The problem with this is that a dentry on a shrinker list still has
DCACHE_LRU_LIST set to indicate ->d_lru is in use. The additional
DCACHE_SHRINK_LIST flag denotes whether the dentry is on LRU or a
shrink related list. Therefore if a relevant operation (i.e. unlink)
occurs while a dentry is present on a shrinker list, and the
associated codepath only checks for DCACHE_LRU_LIST, then it is
technically possible to modify the negative dentry count for a
dentry that is off the LRU. Since the shrinker list related helpers
do not modify the negative dentry count (because non-LRU dentries
should not be included in the count) when the dentry is ultimately
removed from the shrinker list, this can cause the negative dentry
count to become permanently inaccurate.
This problem can be reproduced via a heavy file create/unlink vs.
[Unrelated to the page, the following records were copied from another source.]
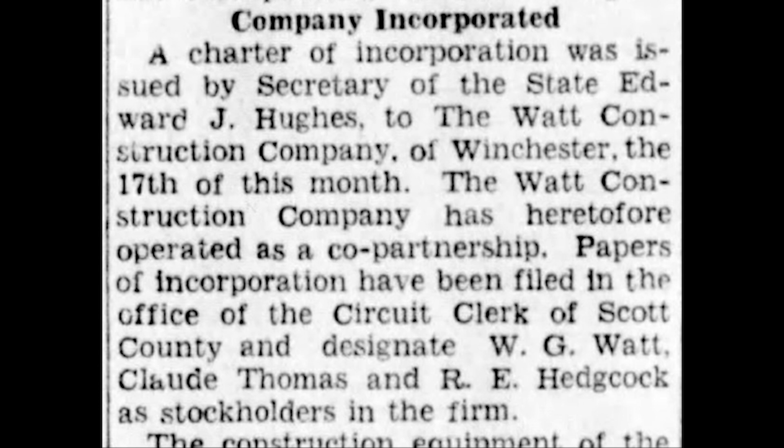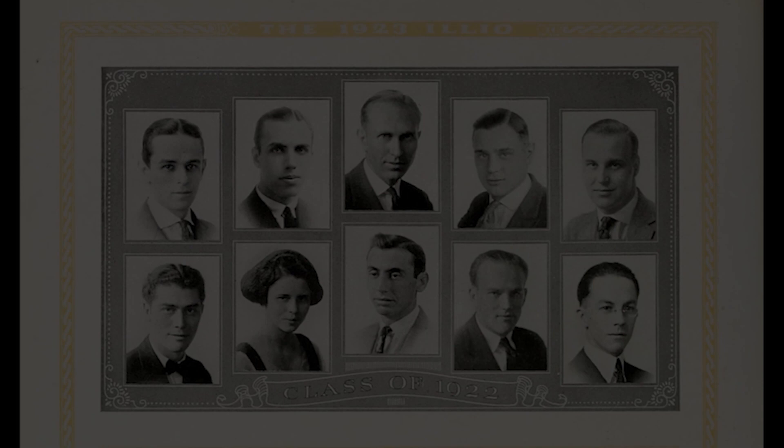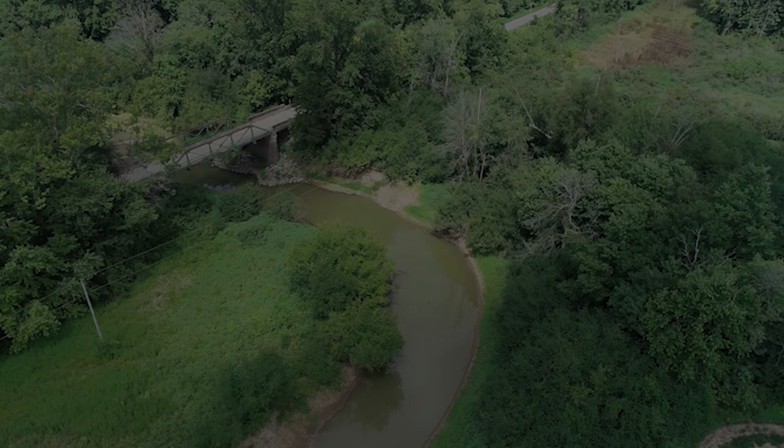In 1934, the Jacksonville Daily Journal announced Watt Construction had been incorporated. The three shareholders listed were W.G. Watt, Claude Thomas, and R.E. Hedgecock. Claude Thomas, a farmer, was William Gibbs Watt's father-in-law. Ralph Hedgecock was a World War I Engineer Corps veteran who went on to receive a degree in civil engineering from the University of Illinois. When Miller Creek Bridge was constructed, Hedgecock was the vice president of Watt Construction. Watt Construction Company went on to build numerous bridges and roads across central and southern Illinois.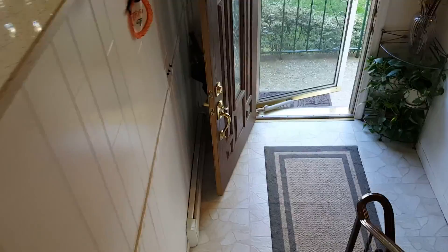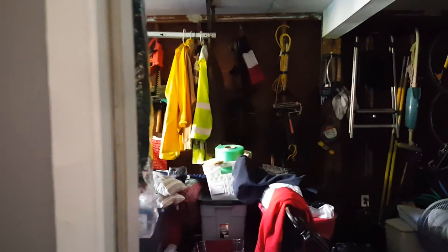Let's head downstairs. This room is being used as an office and a laundry room. We have a refrigerator — the refrigerator will stay. Garage being used as, as most people on Long Island do. And there's a little storage closet.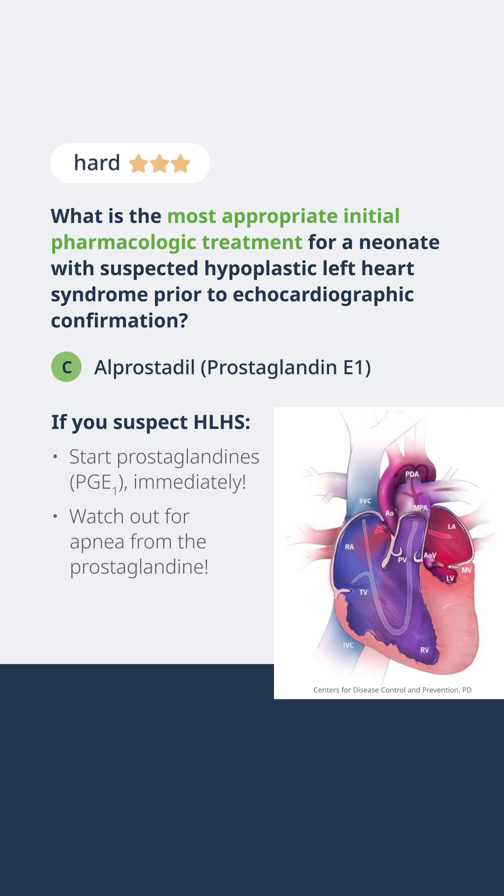If that ductus arteriosus closes, that baby is going to become hypotensive and you're going to have end artery perfusion problems — tissue damage, brain damage, renal damage, liver damage. So keeping that patent ductus arteriosus open is critical.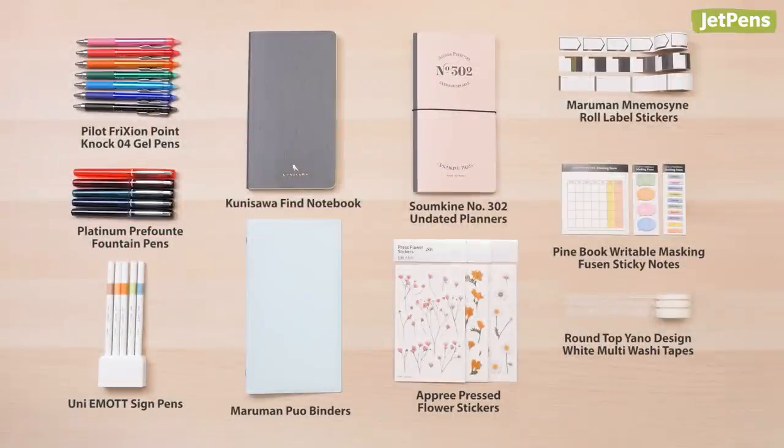Which of these stationery items do you want to try in 2020? Let us know in the comments below. You can find all of these products and more at JetPens.com. Thanks for watching!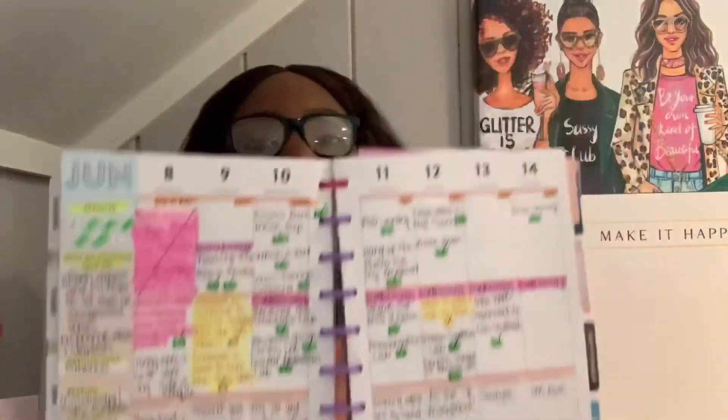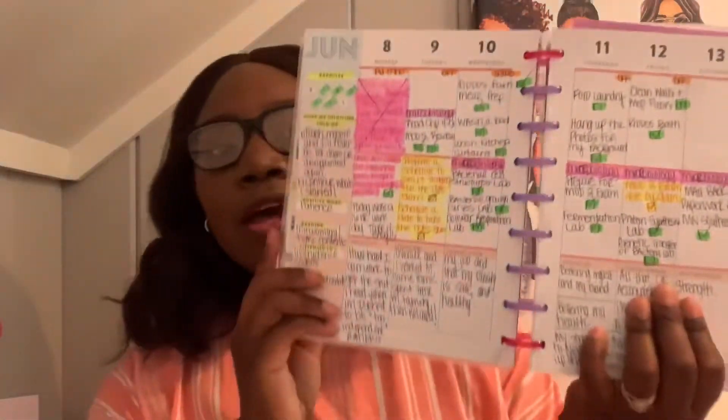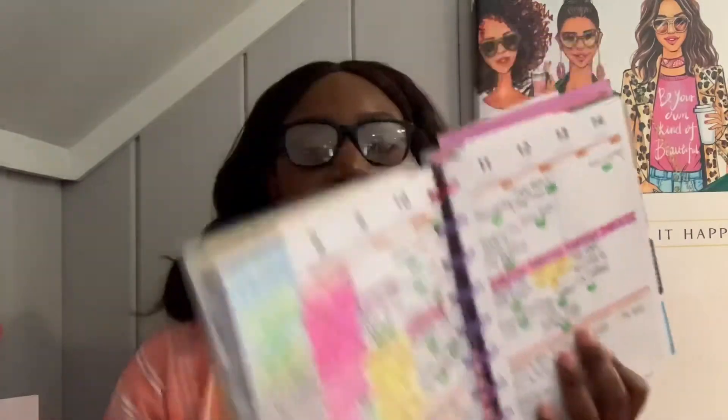Let me show you what my planner looks like. This is the month of June — I'm done with anatomy and physiology and now taking microbiology. As you can see, it is very color-coordinated. This is what one class looks like. Last semester I was taking three classes, so the calendar was even more color-coordinated — that's how I keep everything organized.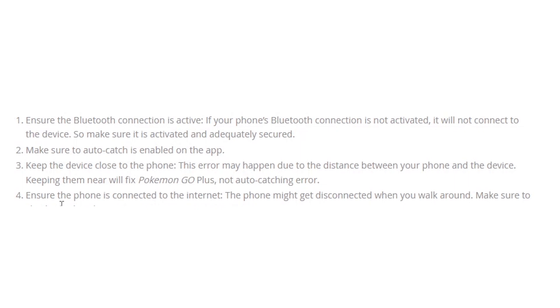Ensure your inventory has enough space and keep the vibration on the device. Make sure the vibration is on in your device, as this will inform you when a Pokémon is nearby, fixing the Pokémon GO Plus auto-catching issue.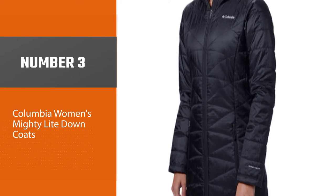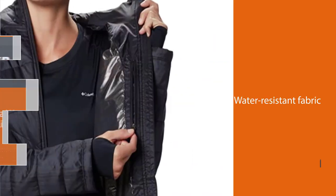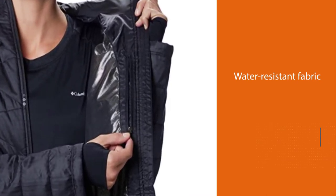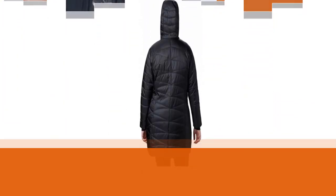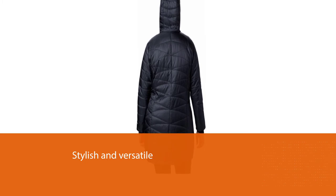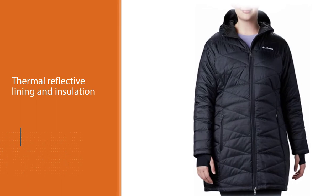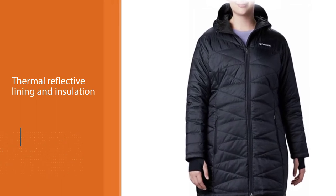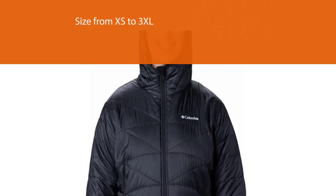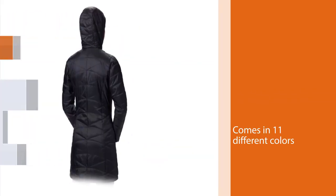Number 3: Columbia Women's Mighty Light Down Coats — one of the most popular options on Amazon. Along with water-resistant fabric, the stylish jacket also features an omni-heat thermal reflective lining and insulation to keep you warm even in blizzard-like conditions. The cute piece of outerwear ranges in size from XS to 3XL and comes in 11 different colors. This style is excellent for walking around the city or on a winter stroll, but it's far too long for any sort of active movement. Its casual looks feel appropriate everywhere, and it does a beautiful job of keeping you warm.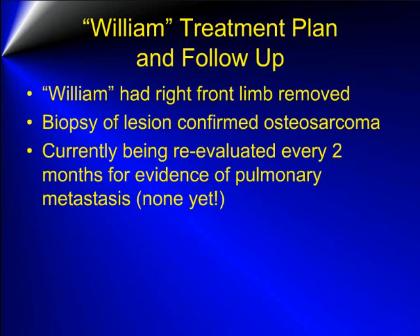William had the right front limb amputated and recovered nicely from the surgery. A biopsy of the lesion confirmed an osteosarcoma of the right scapula. William is currently being reevaluated every two months for any evidence of metastatic lung disease, and so far there is none.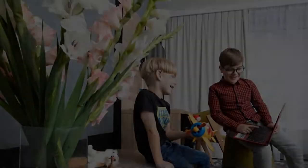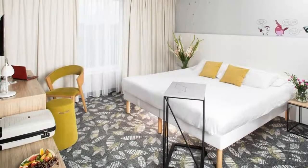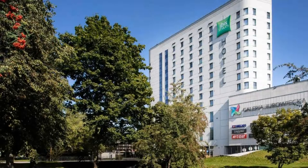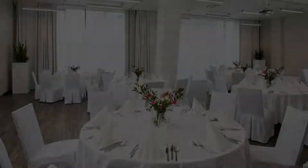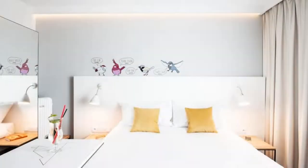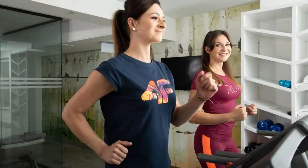The check-in time of this hotel is 3 PM and the check-out time is 12 PM. Pets are allowed in this hotel. The hotel accepts major credit cards and reserves the right to temporarily hold an amount prior to arrival. Guests are required to show a photo ID and credit card at check-in.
drop_caches workload. On an 80xcpu system, I start 80 tasks each
running a 1k file create/delete loop, and one task spinning on
drop_caches. After 10 minutes or so of runtime, the idle/clean cache
negative dentry count increases from somewhere in the range of 5-10
entries to several hundred (and increasingly grows beyond
nr_dentry_unused).
Tweak the logic in the paths that turn a dentry negative or positive
to filter out the case where the dentry is present on a shrink
related list. This allows the above workload to maintain an accurate
negative dentry count.
Fixes: af0c9af1b3f6 ("fs/dcache: Track & report number of negative dentries")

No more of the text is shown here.